The unit also would have to report any investigation findings to the the State Agencies and Governmental Affairs committees in both the House and Senate.

In presenting the bill, King referred to the case of former state Rep. Hudson Hallum as an example of voter fraud in the state but said the proposal was not filed directly in response to that one particular incident.

“Carroll County has had a history of election irregularities that can’t be explained,” said King, who served on the Carroll County Election Commission for a time.

Hallum, a Democrat from Marion, resigned his House seat last year after pleading guilty to a federal vote fraud charge stemming from a 2011 special election which Hallum won.

Also Saturday, the Senate approved King’s SB 961, which would make the destruction of ballot or ballot materials a felony, punishable by one to six years in prison, and up to a $10,000 fine. It passed 35-0 and goes to the House.

Negligent homicide

SB 874 by Sen.
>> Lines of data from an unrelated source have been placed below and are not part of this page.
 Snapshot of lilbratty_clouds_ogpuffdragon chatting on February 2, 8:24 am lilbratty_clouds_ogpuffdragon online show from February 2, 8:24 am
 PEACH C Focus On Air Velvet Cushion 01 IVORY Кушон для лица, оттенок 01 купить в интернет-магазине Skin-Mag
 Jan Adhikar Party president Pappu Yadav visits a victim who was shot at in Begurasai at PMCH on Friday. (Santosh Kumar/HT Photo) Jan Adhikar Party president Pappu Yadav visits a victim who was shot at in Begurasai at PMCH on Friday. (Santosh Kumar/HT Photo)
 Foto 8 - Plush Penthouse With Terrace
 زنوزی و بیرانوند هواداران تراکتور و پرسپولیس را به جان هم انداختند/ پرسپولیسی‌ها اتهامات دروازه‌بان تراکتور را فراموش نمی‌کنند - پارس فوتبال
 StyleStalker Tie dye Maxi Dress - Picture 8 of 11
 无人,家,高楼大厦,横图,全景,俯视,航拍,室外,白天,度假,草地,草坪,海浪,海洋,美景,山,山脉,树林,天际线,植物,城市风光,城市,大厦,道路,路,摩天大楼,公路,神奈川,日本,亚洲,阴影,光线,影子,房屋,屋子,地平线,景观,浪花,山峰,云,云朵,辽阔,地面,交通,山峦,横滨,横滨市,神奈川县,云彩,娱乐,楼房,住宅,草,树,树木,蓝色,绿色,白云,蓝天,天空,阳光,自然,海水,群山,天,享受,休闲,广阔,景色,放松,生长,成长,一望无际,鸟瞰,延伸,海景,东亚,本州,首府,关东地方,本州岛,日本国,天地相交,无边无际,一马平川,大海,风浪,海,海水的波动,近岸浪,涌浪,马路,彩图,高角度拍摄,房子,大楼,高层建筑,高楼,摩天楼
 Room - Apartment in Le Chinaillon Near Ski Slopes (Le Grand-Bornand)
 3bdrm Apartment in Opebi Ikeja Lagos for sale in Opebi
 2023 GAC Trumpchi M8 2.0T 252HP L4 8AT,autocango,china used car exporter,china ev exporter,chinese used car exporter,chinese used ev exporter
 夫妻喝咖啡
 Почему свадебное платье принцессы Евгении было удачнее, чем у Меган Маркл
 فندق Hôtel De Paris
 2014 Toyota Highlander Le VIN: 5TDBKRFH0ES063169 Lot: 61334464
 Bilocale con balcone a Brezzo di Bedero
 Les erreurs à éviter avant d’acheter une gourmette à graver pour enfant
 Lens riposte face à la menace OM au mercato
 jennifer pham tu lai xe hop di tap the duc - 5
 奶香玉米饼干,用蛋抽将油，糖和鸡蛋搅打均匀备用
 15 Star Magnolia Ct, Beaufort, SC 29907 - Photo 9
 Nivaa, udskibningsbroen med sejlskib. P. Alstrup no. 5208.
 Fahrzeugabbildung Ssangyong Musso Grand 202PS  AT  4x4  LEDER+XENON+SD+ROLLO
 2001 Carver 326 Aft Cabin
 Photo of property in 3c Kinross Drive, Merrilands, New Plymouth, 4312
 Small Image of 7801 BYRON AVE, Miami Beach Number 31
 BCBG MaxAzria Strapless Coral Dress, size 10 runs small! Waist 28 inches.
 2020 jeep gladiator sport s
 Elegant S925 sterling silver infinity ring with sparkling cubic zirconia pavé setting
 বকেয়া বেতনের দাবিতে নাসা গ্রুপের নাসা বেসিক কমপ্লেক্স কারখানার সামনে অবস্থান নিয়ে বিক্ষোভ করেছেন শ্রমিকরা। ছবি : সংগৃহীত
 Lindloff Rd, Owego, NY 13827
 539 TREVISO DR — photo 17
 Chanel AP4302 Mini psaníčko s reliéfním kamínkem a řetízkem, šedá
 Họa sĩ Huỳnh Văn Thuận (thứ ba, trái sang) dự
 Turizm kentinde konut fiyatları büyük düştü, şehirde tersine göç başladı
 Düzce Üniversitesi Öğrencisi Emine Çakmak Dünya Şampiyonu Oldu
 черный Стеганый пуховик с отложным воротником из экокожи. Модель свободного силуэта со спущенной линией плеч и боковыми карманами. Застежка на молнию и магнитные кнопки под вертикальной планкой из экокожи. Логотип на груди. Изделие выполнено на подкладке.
Jason Rapert, R-Conway, which would add sleep deprivation, or fatigue, to the negligent homicide statute. The bill passed 23-2 and goes to the House.

Under the bill, police and prosecutors would have to prove that a person charged with negligent homicide involving a traffic death had been awake for at least 24 hours, and that he or she was aware of it and deliberately deprived himself or herself of sleep.

“This is for someone who gets behind the wheel … knowing they should not do so,” Rapert said, adding that the law would give police and prosecutors an extra tool under the negligent homicide statute.

A conviction would be a Class B felony, punishable by up to 20 years in prison and a fine of up to $15,000.

Rapert said police in Conway and Conway County have investigated cases where the driver of a car involved in a fatal accident had been awake for more than 24 hours and in once case the driver bragged about it before driving.

Raw milk sales

In the House, House Bill 1536 to allow the sale of unpasteurized milk in the state passed on a 60-19 vote and goes to the Senate.

Under the bill by Rep. Randy Alexander, R-Fayetteville, unpasteurized milk could be sold legally at dairy farms provided monthly*** sales do not exceed 500 gallons.

The bill would require that warnings be posted at the point of sale and on milk containers informing consumers that the milk has not been pasteurized and that the milk and the farm have not been inspected by the state.

Alexander told House members he is a “city boy” and had never tasted raw milk until Friday, but he said he supports letting adults make decisions for themselves.

“This is a liberty issue,” he said.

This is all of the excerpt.